§ **Record extracts**:
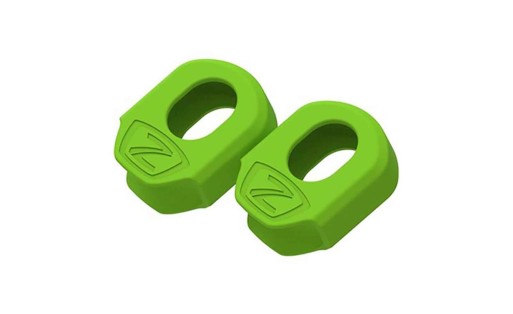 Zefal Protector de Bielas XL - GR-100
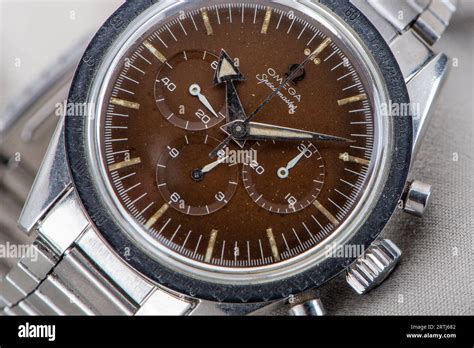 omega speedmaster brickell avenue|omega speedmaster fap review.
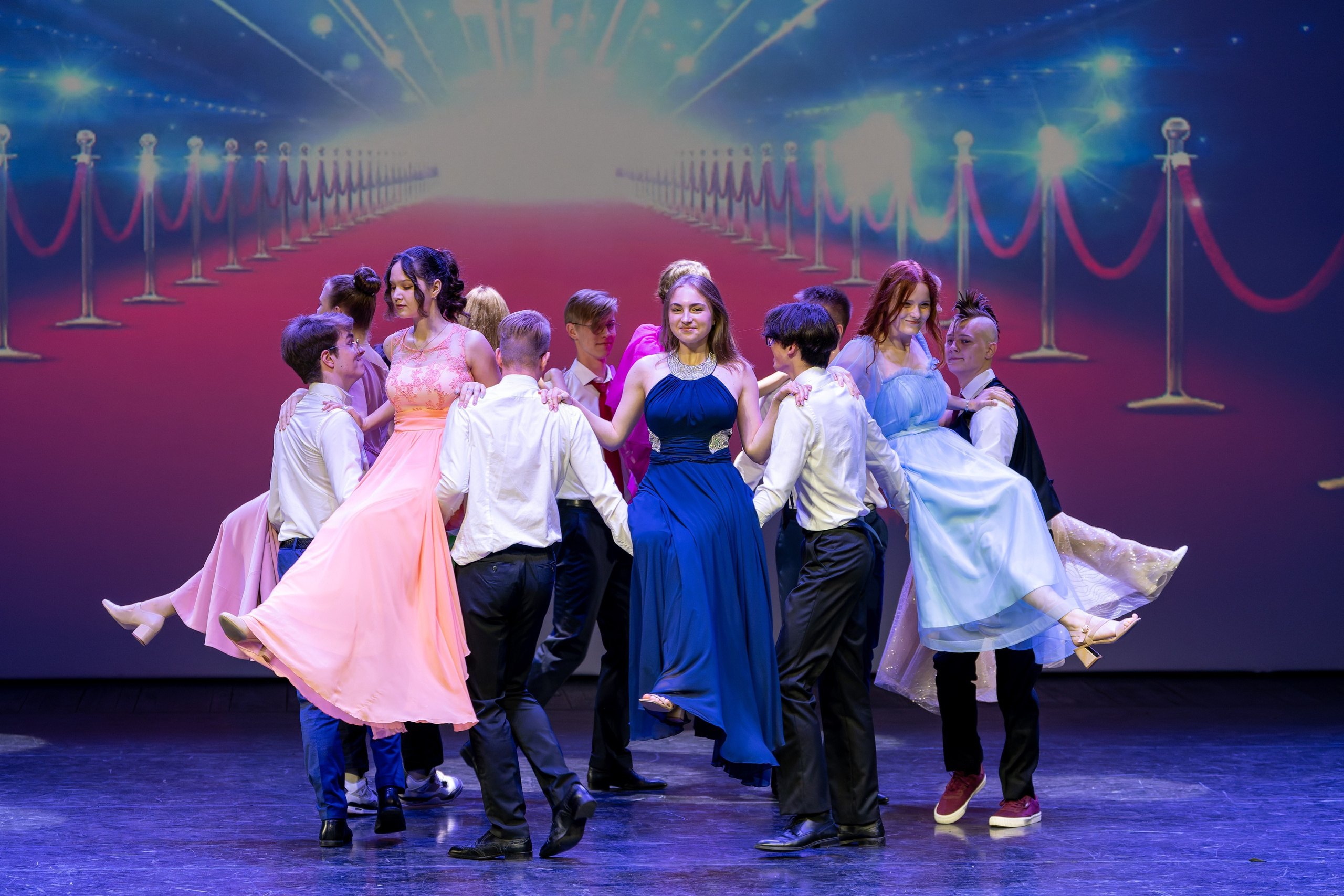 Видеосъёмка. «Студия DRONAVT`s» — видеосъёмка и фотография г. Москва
---
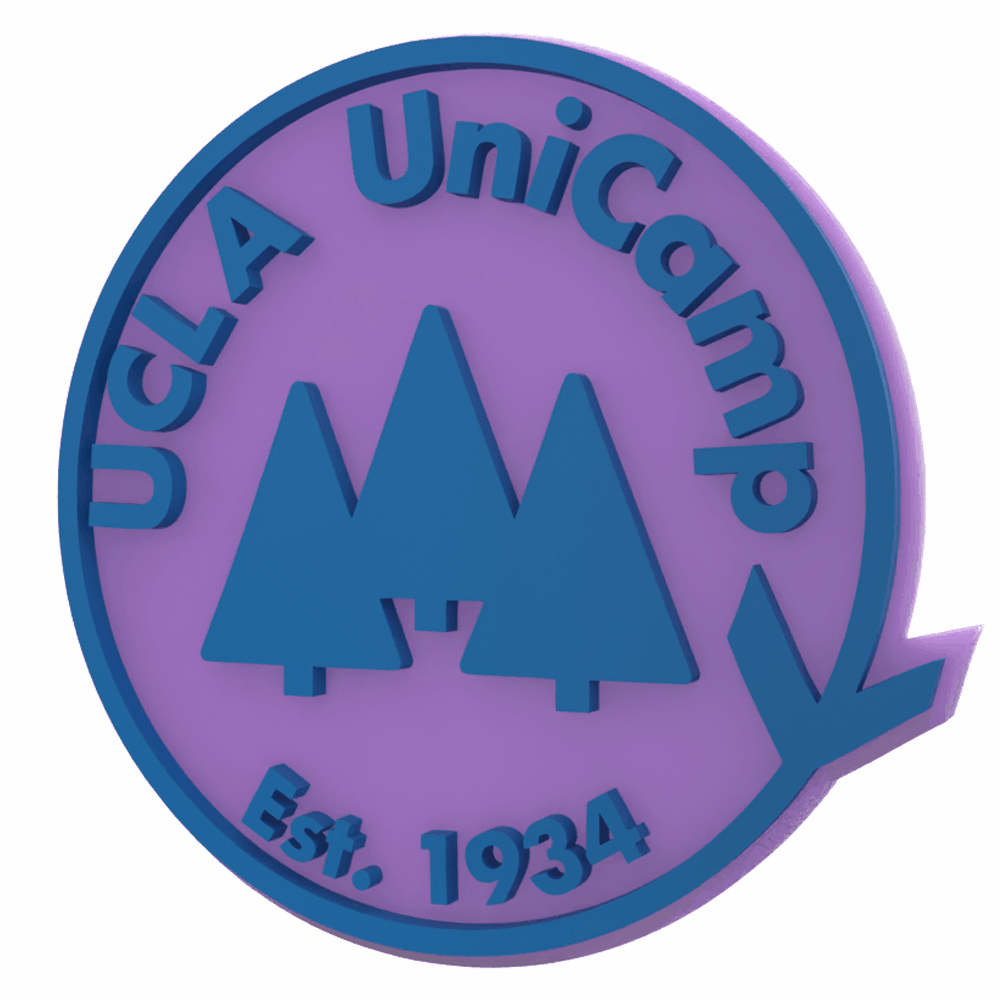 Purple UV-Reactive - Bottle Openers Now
---
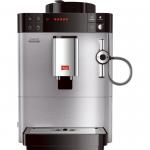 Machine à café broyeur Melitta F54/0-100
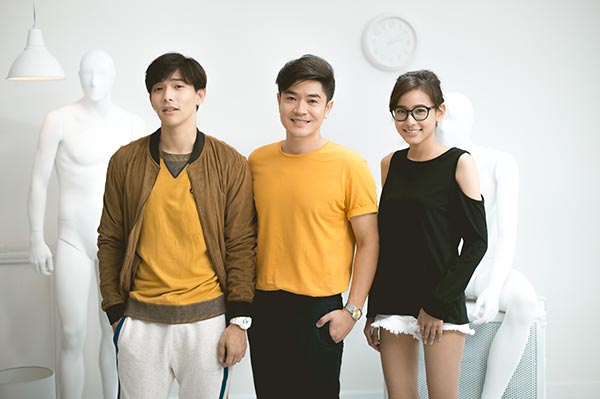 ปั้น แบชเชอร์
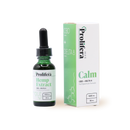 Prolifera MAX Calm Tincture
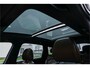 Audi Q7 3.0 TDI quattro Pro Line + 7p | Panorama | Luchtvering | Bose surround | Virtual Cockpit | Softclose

§ **Problem requirements**: In the listing above, find the line with "Zefal Protector de Bielas XL - GR-100" and the line with "фотография г. Москва". Set down exactly those lines and everything between them, skipping pictures.

§ **Your response**:
 Zefal Protector de Bielas XL - GR-100
 omega speedmaster brickell avenue|omega speedmaster fap review.
 Видеосъёмка. «Студия DRONAVT`s» — видеосъёмка и фотография г. Москва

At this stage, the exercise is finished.